Para o coordenador do Mupoiba, a
demarcação da terra vai barrar a violência contra os indígenas. “Não
demarcando, os governantes do nosso país sinalizam que vale a pena grilar, que
vale a pena matar a terra indígena, e que o que fizerem com nós, indígenas, não
vai ter punição”, afirmou.
Entre os casos de violência mais
recentes, Agnaldo citou o assassinato de Gustavo Pataxó, no dia 4 de setembro
de 2022, na retomada do Vale do Cahy, na Terra Indígena (TI) Comexatibá, no
Extremo Sul da Bahia, e lamentou a leniência da justiça, já que os assassinos
continuam soltos.
Segundo ele, por conta da
violência e das ameaças, mais 50% das pessoas que estão sob a proteção da
justiça no Estado são líderes indígenas. “Então, nós precisamos dialogar com as
autoridades legislativas, judiciárias, gerar mensagem para o Executivo que não
dá mais. Estamos vendo os nossos jovens sendo assassinados, estamos perdendo
nossos jovens e precisamos que a Justiça tome providência e puna esses maus
elementos”, frisou.
Além de pedir por justiça, o
líder Pataxó solicitou respeito à população indígena na Bahia e no Brasil. “Nós
produzimos, nós preservamos o meio ambiente, ajudamos a produzir o oxigênio que
dá vida pra todos, nós precisamos ser respeitados”

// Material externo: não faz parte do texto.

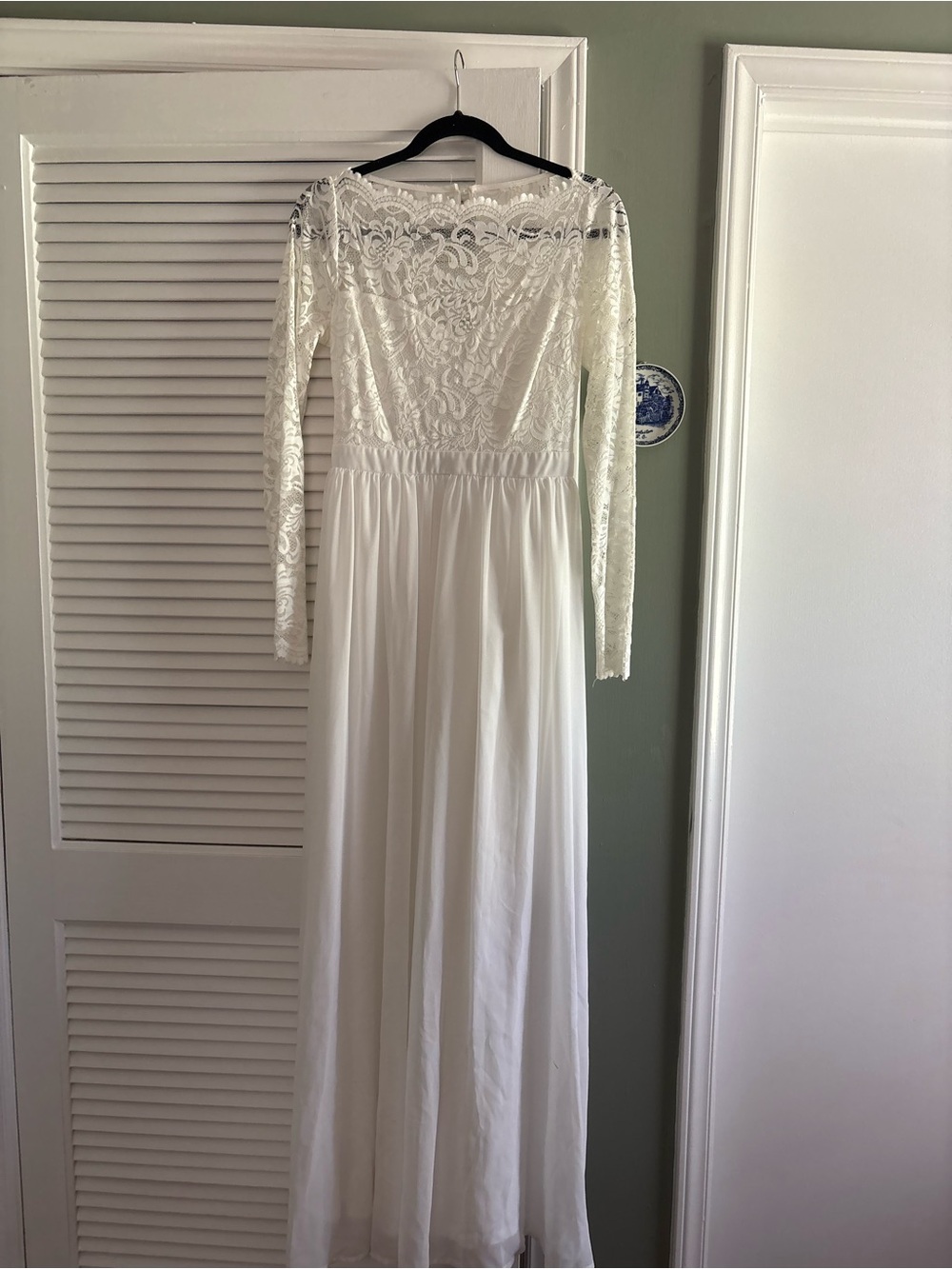 Lulus wedding dress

Plano Integrado de Segurança
Representando a coordenação de
Assuntos Fundiários da Superintendência de Política para os Povos Indígenas, da
Secretaria Estadual de Promoção da Igualdade Racial, Carlos Eduardo Lemos falou
sobre as medidas da pasta para a solução do problema fundiário no Bahia, a
partir de uma força tarefa de enfrentamento à violência e investigação dos
crimes contra os povos indígenas e outros povos tradicionais, como comunidades
quilombolas, fecho de pasto, ciganos, envolvendo as forças de segurança do
Estado e, também, federais.
Sobre a expectativa de demarcação
de terra com a queda do marco temporal, o gestor anunciou em breve a titulação
da terra indígena do povo Pataxó, dependendo, apenas, da homologação da
Presidência da República e da publicação da portaria declaratória de terra
indígena Barra Velha do Monte Pascoal, “que passará de 8 mil a 52 mil hectares,
abrangendo um território bastante maior, fazendo justiça a essa dívida
histórica do Estado brasileiro”.
Carlos Lemos reforçou que há o
empenho do Estado, junto com o Ministério dos Povos Indígenas, para a rapidez
nas demarcações, mas alertou, também, que pode haver reação dos grupos
contrários, que tentarão conter os avanços. “Podem existir novos casos de
tentativas de ameaça e intimidação, mas o Estado se prepara para enfrentar
essas situações, através da criação de força-tarefa e da atuação do Plano
Integrado de Segurança para os povos e comunidades tradicionais”, adiantou. (Agencia Alba).